*** DATA ***

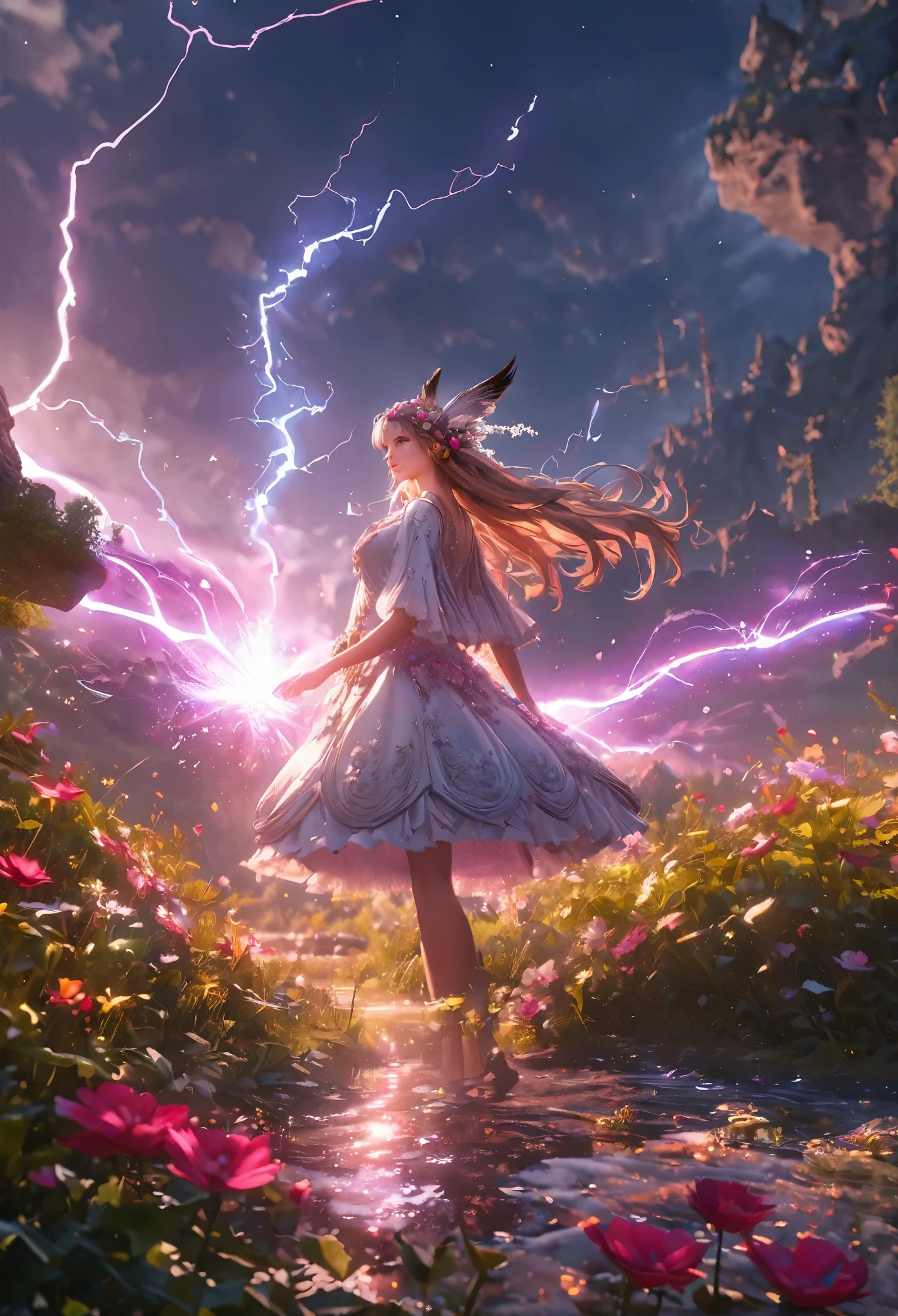 (A masterpiece, a captivating depiction of a flower fairy: 1.3), (An enchanting scene that vividly depicts the magic of nature: 1.2), (Meticulously crafted to embody the essence of floral beauty and fantasy: 1.7), (A delicate-winged fairy in a gown made of petals and leaves: 1.1), (Her ethereal presence illuminated by the soft glow of moonlight: 1.1), (Flowers of various colors and sizes surround her, each with their own charm: 1.1), (Her hair, tangled with flowers and vines, reflects the harmony of the natural world. :1.1), (The sense of wonder and serenity captured in her serene expression: 1.1), (The careful attention paid to the intricate details of her feathers, clothing and surroundings: 1.7), (A depiction that transports the viewer to a world of imagination and magic: 1.1), (The delicate beauty of flowers and fantasy: 1.1), (The artwork evokes a sense of nostalgia and connection to the natural world: 1.1), (An invitation to a world where nature and whimsy intertwine in perfect harmony: 1.1)), Cinematic, Ultra-detailed, Incredible detail, Beautiful color grading, Unreal Engine, DOF, Super Resolution, Megapixels, Cinematic Lightning, Anti-aliasing, FKAA, TXAA, RTX, SSAO, Post Process, Post Production, Tone Mapping, CGI, VFX, SFX, Incredibly Detailed and Complex, Hyper Maximalist, Hyper Realistic, Volumetric, Photorealistic, Ultra Photorealistic, Ultra Detailed, Intricately Detailed, Ultra Detailed, Full Color, Volumetric Lightning, HDR, Realistic, Unreal Engine, 16K, Sharp Focus, Octane Rendering
ネガティブプロンプト
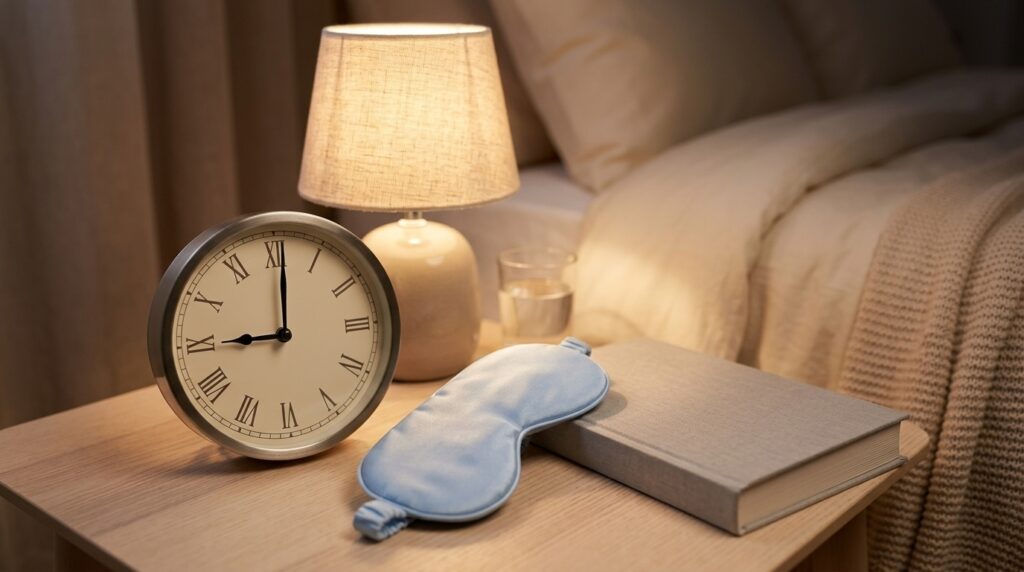 Clock showing 9 PM beside a bedside lamp, representing a consistent bedtime routine for better sleep.
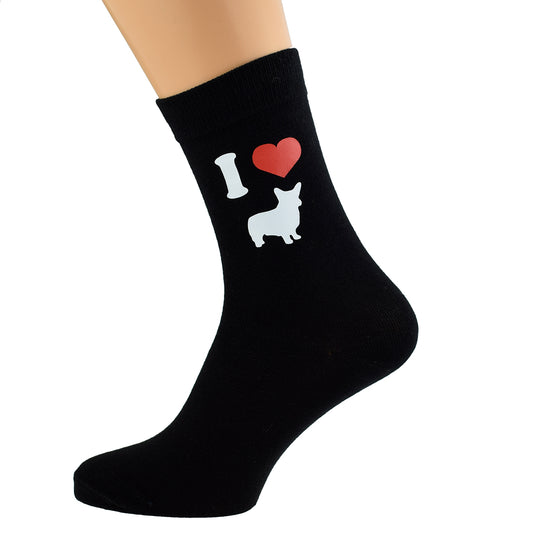 I Love Corgis Mens Black Socks| Ashton and Finch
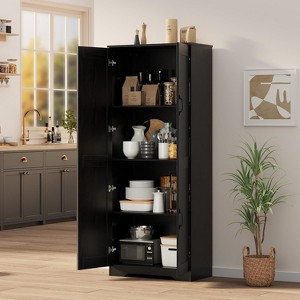 Tall Pantry Cabinet with Adjustable Shelves - 60" Height, 23.6" Wide Storage Organizer, Anti-Tip Design, for Kitchen/Bathroom Organization SKU Titles - 1 of 4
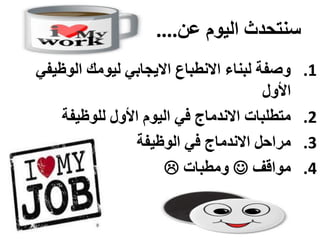 ‫سْخذذد اىًٍ٘ ػِ....‬
‫ٗصفت ىبْبء االّطببع االٌجببً ىٍٍ٘ل اى٘ظٍفً‬     ‫1.‬
                                       ‫األٗه‬
    ‫ٍخطيببث االّذٍبج فً اىًٍ٘ األٗه ىي٘ظٍفت‬    ‫2.‬
                 ‫ٍشادو االّذٍبج فً اى٘ظٍفت‬     ‫3.‬
                     ‫ٍ٘اقف ‪ٍٗ ‬طببث ‪‬‬          ‫4.‬
 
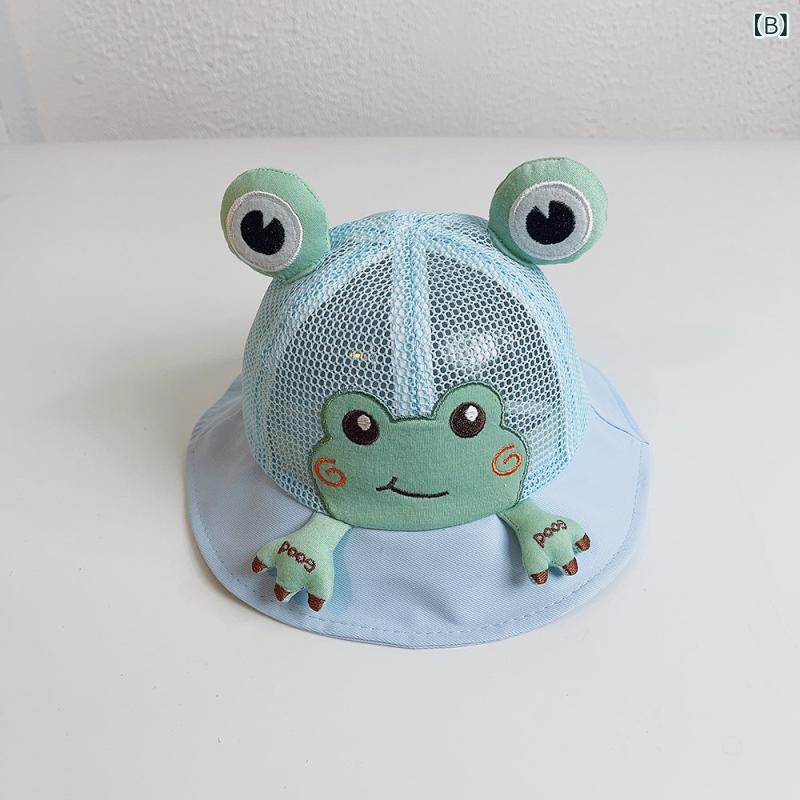 ベネフィメントショップのベビー 赤ちゃん 帽子 フィッシャーマンズ ハット 夏用 メッシュ 通気性 吸湿速乾 UVカット 防紫外線 遮陽 日よけ かわいい カエル柄 幼児 男女用 軽量 快適 アウトドア｜アングル2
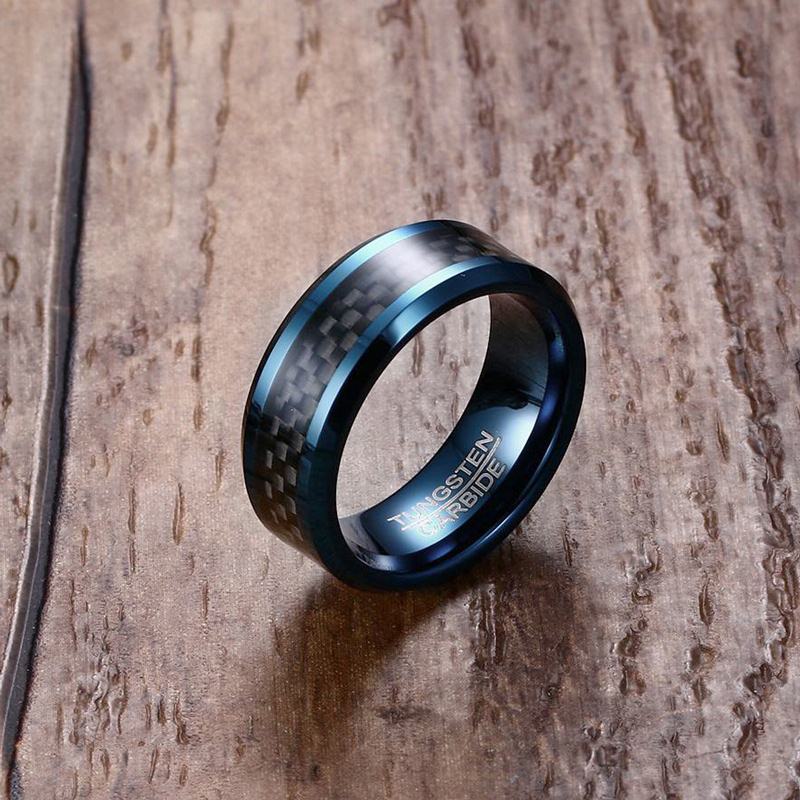 Bague Tungstène Bleu Homme 8mm - Alliance Mariage Fibre Carbone Vnox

***

YOUR INSTRUCTIONS:
Having located the line with "I Love Corgis", copy it exactly along with every later line through the end of the listing above, but omit the pictures.

WRITTEN RESPONSE:
 I Love Corgis Mens Black Socks| Ashton and Finch
 Tall Pantry Cabinet with Adjustable Shelves - 60" Height, 23.6" Wide Storage Organizer, Anti-Tip Design, for Kitchen/Bathroom Organization SKU Titles - 1 of 4
 ‫سْخذذد اىًٍ٘ ػِ....‬
‫ٗصفت ىبْبء االّطببع االٌجببً ىٍٍ٘ل اى٘ظٍفً‬     ‫1.‬
                                       ‫األٗه‬
    ‫ٍخطيببث االّذٍبج فً اىًٍ٘ األٗه ىي٘ظٍفت‬    ‫2.‬
                 ‫ٍشادو االّذٍبج فً اى٘ظٍفت‬     ‫3.‬
                     ‫ٍ٘اقف ‪ٍٗ ‬طببث ‪‬‬          ‫4.‬
 
 ベネフィメントショップのベビー 赤ちゃん 帽子 フィッシャーマンズ ハット 夏用 メッシュ 通気性 吸湿速乾 UVカット 防紫外線 遮陽 日よけ かわいい カエル柄 幼児 男女用 軽量 快適 アウトドア｜アングル2
 Bague Tungstène Bleu Homme 8mm - Alliance Mariage Fibre Carbone Vnox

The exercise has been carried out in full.